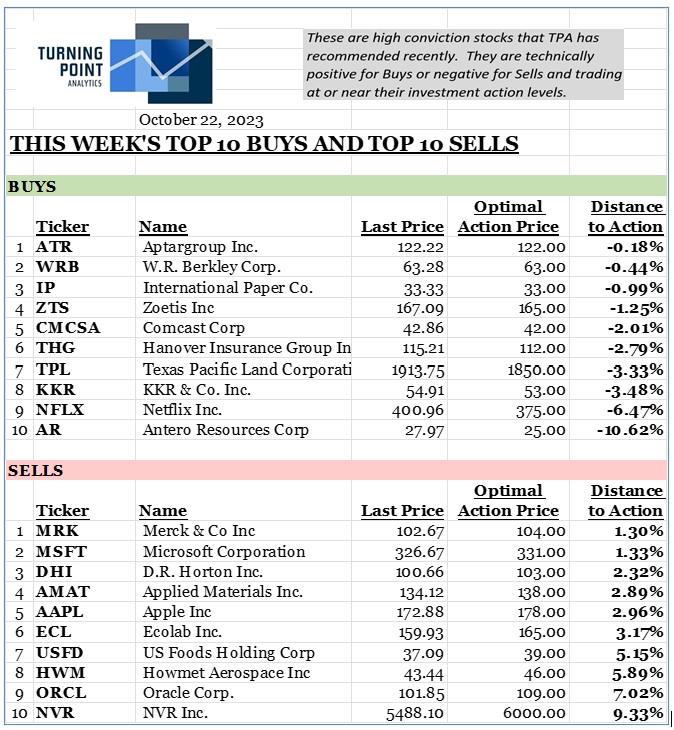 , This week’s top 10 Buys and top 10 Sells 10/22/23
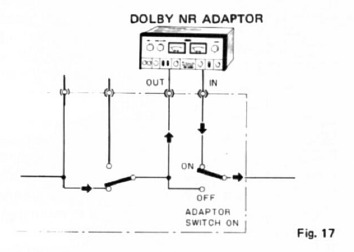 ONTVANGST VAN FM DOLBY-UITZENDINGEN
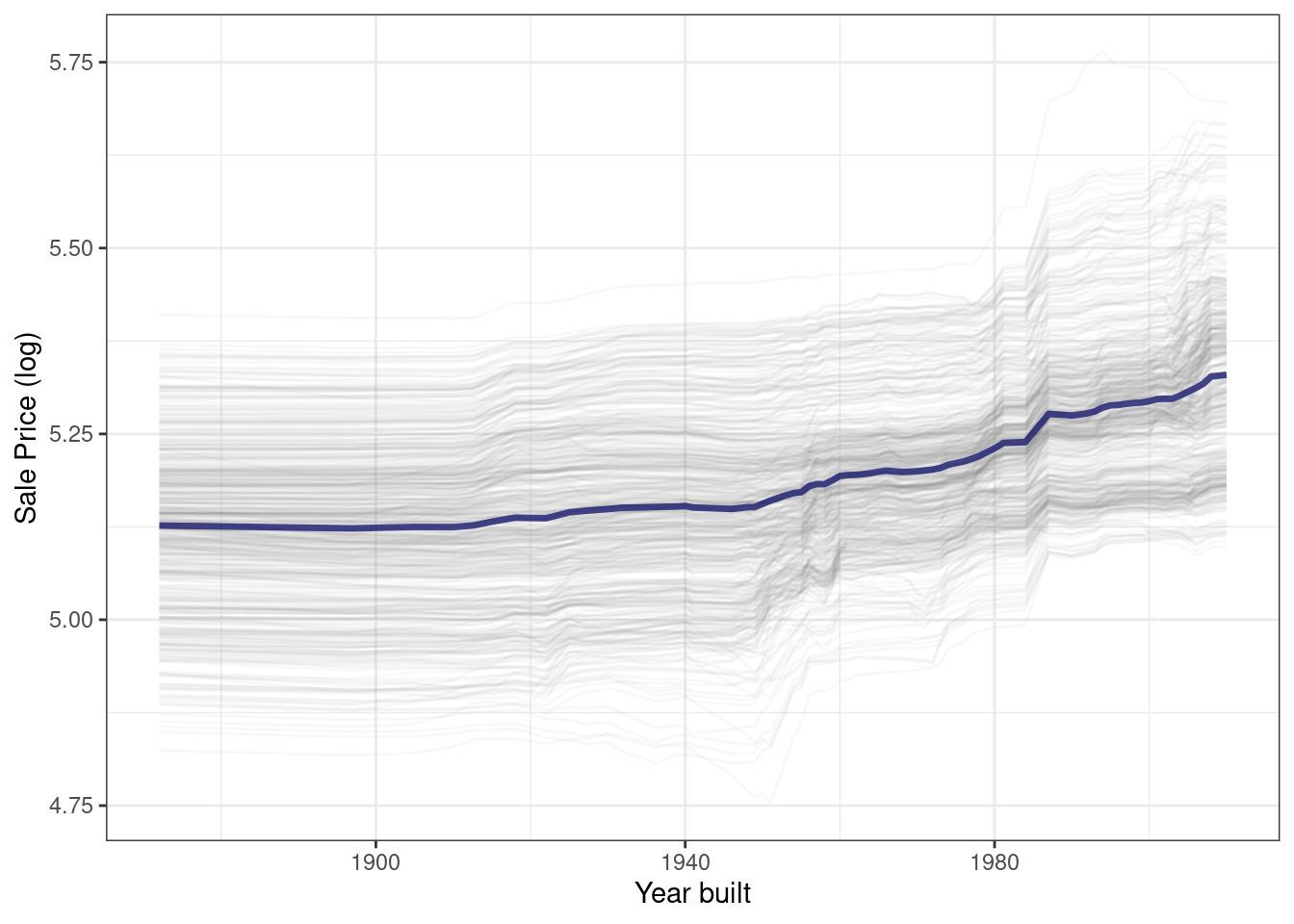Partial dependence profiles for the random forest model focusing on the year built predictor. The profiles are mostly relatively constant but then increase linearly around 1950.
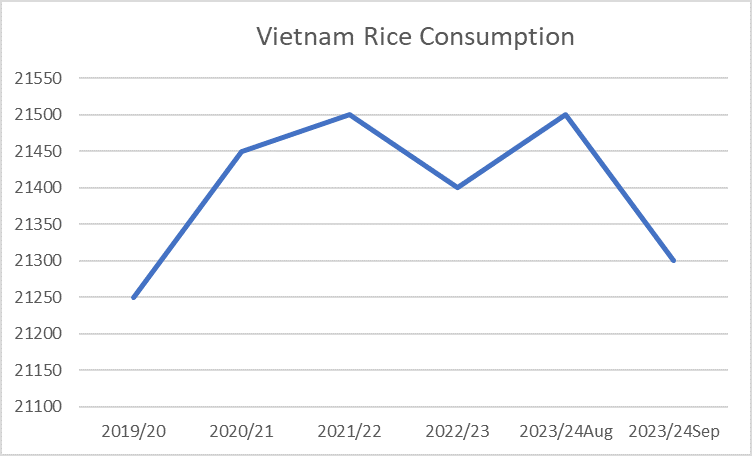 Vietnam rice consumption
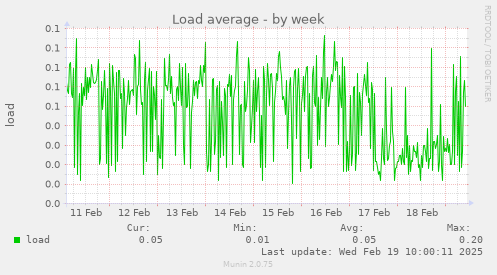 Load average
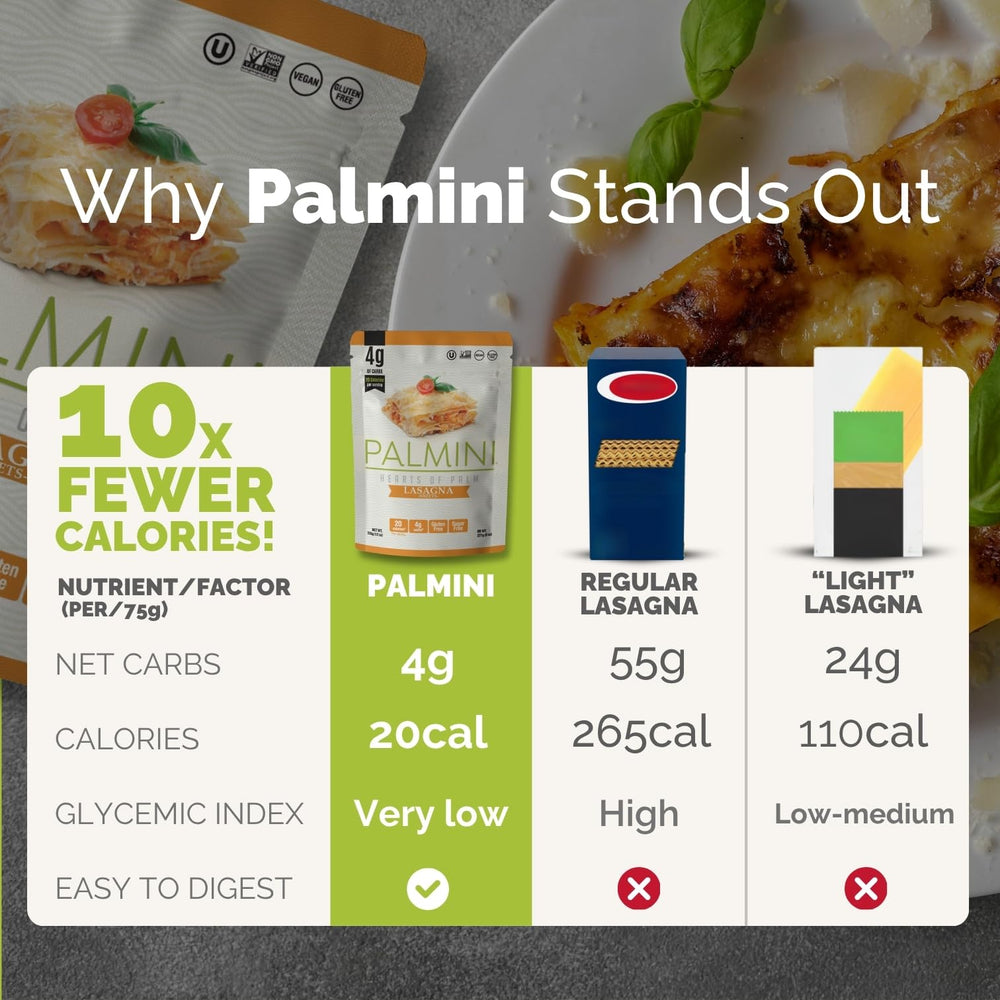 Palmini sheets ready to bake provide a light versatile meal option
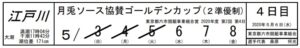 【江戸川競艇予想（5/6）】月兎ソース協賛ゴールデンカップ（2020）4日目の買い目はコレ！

════════════════════

About this task: Only the lines from the one containing "Palmini sheets ready" through the end of the records above should be retyped, exactly as they stand, with any pictures left out.

Output of the exercise:
 Palmini sheets ready to bake provide a light versatile meal option
 【江戸川競艇予想（5/6）】月兎ソース協賛ゴールデンカップ（2020）4日目の買い目はコレ！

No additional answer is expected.